9.6. Standalone builds
A frozen artifact must not demand or run tuning:
AOT (
policies.aot/policies.aot_module) is fully tune-free — every tune annotation is inert, only the reference-row registries are emitted. Per-box stamps would otherwise desync the generating and consuming box’s AOT hashes.Standalone exe (
llvm-jit -exe) still stamps — an exe built on a box with a manifest ships those winners (a local-use artifact by definition), and one built without ships the genericfallback=stamps — but the policy rail is dead (no[tune_policy], no--tune).
9.7. Per-app override — [tune_manifest]
An application can point at its own manifest instead of (or on top of) the library scope:
[export, tune_manifest(name = "myapp")]
def main { /* ... */ }
The manifest resolves to <dir>/<name>.tune.json (dir= defaults to the
declaring file’s directory). Its entries win over the scope’s; missing entries
keep the scope winners. This is the isolation escape hatch — two applications
sharing a folder pick distinct names.
Warning
[tune_manifest] re-stamps the program’s tuned functions after the fact.
This is proven only for functions in the declaring (root) module;
re-stamping a required library’s already-compiled [tune] function is a
cross-module mutation the re-infer pass does not survive. Library kernels
should take their winners at [tune] time via [tune_scope] (or the
DAS_TUNE_MANIFEST env), which is what the policy rail’s re-exec relies on.

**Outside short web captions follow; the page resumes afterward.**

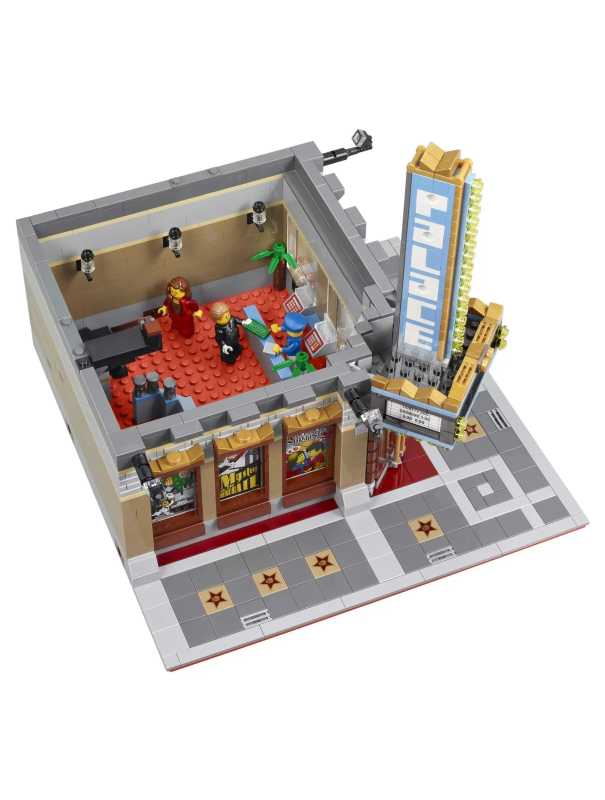 Конструктор «Кинотеатр 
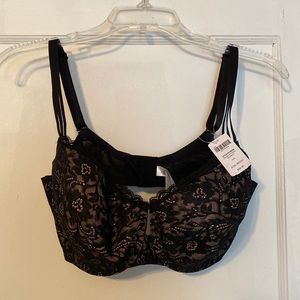 * Soma Enticing Lift Balconette Bra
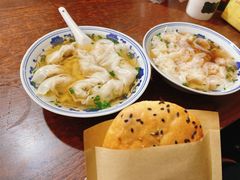 -歙县古城小吃一条街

9.8. Runtime status — tune_status()
tune_status() returns one row per [tune] function — its winning suffix,
the source (manifest / fallback / reference), the scope, and the
manifest path. It is populated when the application declares [tune_policy].

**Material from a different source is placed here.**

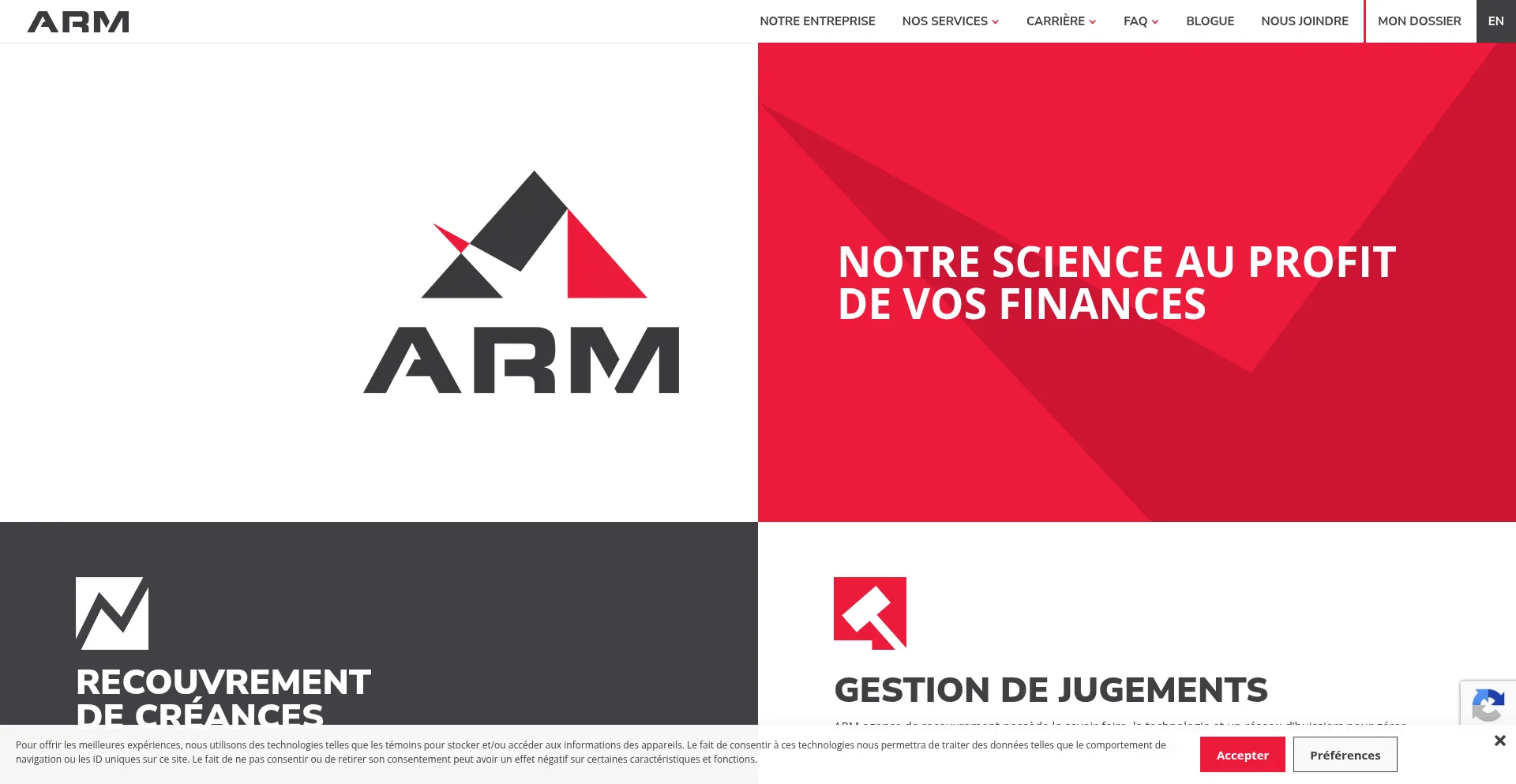 Armcanada.ca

log_tune_status("myapp") is the ready-made “am I tuned?” surface — it logs
the table at LOG_INFO (<n>/<total> kernels tuned for this box, one line
per function, plus a --tune hint when any kernel is on a non-manifest tier),
and is a no-op when the table is empty. Call it at startup:
log_tune_status("myapp") // or iterate tune_status() yourself
9.9. Writing a harness
A tuner is an ordinary [export] def main compiled with
DAS_TUNE_MODE=tune, so the <name>_variants() registry holds the full
grid as function pointers. It benches them (see the measurement discipline in
modules/dasLLAMA/tune_for_this_box.md — interleaved A/B, correctness-gate
every candidate, best-of-N, confirm the winner), then records the winner:
let ok = tune_manifest_set("gemm", winning_suffix)
tune_manifest_set writes to the DAS_TUNE_MANIFEST the policy rail sets
when it spawns the harness, so the winner lands in the right scope file. A
following normal compile stamps it.
9.10. Manifest format
A flat { "function name": "perm suffix" } JSON map:
{ "gemm": "kstep4", "gemm_gemv": "reference" }
It is a per-box artifact — gitignored (*.tune.json), and any change re-keys
the JIT DLL cache automatically (the winning permutation’s args fold into the
DLL basename).
See also
modules/dasLLAMA/tune_for_this_box.md — a worked application of this
framework (the dasLLAMA gen GEMM family), including the measurement
discipline that separates a real win from a benchmark artifact, and the
dasllama-server / ask / wav2txt trio sharing one box’s winners.